A report commissioned by the Nigeria Natural Resource Charter (NNRC), a non-governmental organisation which provides policy options to guide governments and societies in their use of natural resources for maximum and sustained returns for citizens says that huge amount ended up in private pockets.
The report indicates that the value of total losses suffered by Nigeria through the various methods by which oil is stolen from the region is higher than the current combined allocations for health and education in the 2018 budget.
The combined allocations for health and education amounts to N894 billion, which translates to a mere 8.4 per cent of the estimated value of losses from oil theft two years ago.

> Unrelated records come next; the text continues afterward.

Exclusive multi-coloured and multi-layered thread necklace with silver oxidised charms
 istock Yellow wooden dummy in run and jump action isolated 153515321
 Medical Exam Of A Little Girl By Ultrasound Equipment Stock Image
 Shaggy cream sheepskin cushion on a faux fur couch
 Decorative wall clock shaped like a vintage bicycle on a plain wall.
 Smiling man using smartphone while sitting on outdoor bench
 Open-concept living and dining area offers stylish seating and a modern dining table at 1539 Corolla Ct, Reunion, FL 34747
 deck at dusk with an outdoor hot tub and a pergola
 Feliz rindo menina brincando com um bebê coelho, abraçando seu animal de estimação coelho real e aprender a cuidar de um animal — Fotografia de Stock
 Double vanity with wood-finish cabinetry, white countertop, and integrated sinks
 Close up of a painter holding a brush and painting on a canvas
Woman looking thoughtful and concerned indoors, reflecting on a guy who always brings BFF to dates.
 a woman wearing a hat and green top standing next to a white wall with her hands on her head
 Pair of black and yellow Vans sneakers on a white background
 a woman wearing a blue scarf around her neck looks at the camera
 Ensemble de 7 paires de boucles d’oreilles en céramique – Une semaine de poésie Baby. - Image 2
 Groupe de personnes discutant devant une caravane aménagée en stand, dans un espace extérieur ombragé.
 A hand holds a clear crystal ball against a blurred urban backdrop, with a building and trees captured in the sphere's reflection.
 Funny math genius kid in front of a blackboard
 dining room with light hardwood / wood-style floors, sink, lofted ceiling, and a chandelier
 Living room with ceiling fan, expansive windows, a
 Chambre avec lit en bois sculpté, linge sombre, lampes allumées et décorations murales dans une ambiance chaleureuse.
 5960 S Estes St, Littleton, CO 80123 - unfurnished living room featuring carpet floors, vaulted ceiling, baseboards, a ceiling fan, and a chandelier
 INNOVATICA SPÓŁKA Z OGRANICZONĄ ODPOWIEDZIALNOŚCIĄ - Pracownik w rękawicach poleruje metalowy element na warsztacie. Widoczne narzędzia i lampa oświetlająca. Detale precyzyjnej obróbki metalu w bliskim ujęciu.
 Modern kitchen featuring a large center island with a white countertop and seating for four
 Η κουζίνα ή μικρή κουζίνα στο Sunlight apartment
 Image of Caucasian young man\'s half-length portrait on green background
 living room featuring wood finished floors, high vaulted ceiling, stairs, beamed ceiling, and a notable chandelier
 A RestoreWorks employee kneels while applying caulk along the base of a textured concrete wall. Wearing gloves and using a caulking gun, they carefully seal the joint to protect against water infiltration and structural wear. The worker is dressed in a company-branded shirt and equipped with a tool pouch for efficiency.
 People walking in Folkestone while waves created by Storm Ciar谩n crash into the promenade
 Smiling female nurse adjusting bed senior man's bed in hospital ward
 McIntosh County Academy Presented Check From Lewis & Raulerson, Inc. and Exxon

Shocked, the Chairman of the Ogoni Council of Paramount Rulers, High Chief Barisi Kpaama said, ‘’If the DPO and JTF Commander are in support of the boys carrying out the theft, who are you to go against them?”.
He was speaking after the Zonal Director, National Oil Spill Detection and Response Agency (NOSDRA) in Port Harcourt, Cyrus Nkangwung, blamed the rise in oil bunkering in the region on the unavailability of petroleum products at the rural communities.
The Ogoni king and NOSDRA were at a roundtable organised by the National Coalition on Gas Flaring and Oil Spills (NAGGOND) to seek sustainable alternatives to oil theft and the so called illegal refining further noted that corruption among security agencies was also energising the menace in the Niger Delta.
‘’The heads of security agencies in the communities involved in the illegal refining have compromised and are abetting the culprits, therefore, they should be disciplined to serve as a deterrent to the locals’’, the Ogoni king said.
But for Nkangwung, ‘’Investigations shows that there is no presence of government or access to the products in the rural communities, they do not even have where to get kerosene or diesel from, whereas the illegally refined products are accessible and cheaper.
‘’Security agencies should not destroy the illegally refined products alongside the environment. It is a good thing that the government is now building tank farms to store the recovered products rather than burning them and further polluting the environment’’.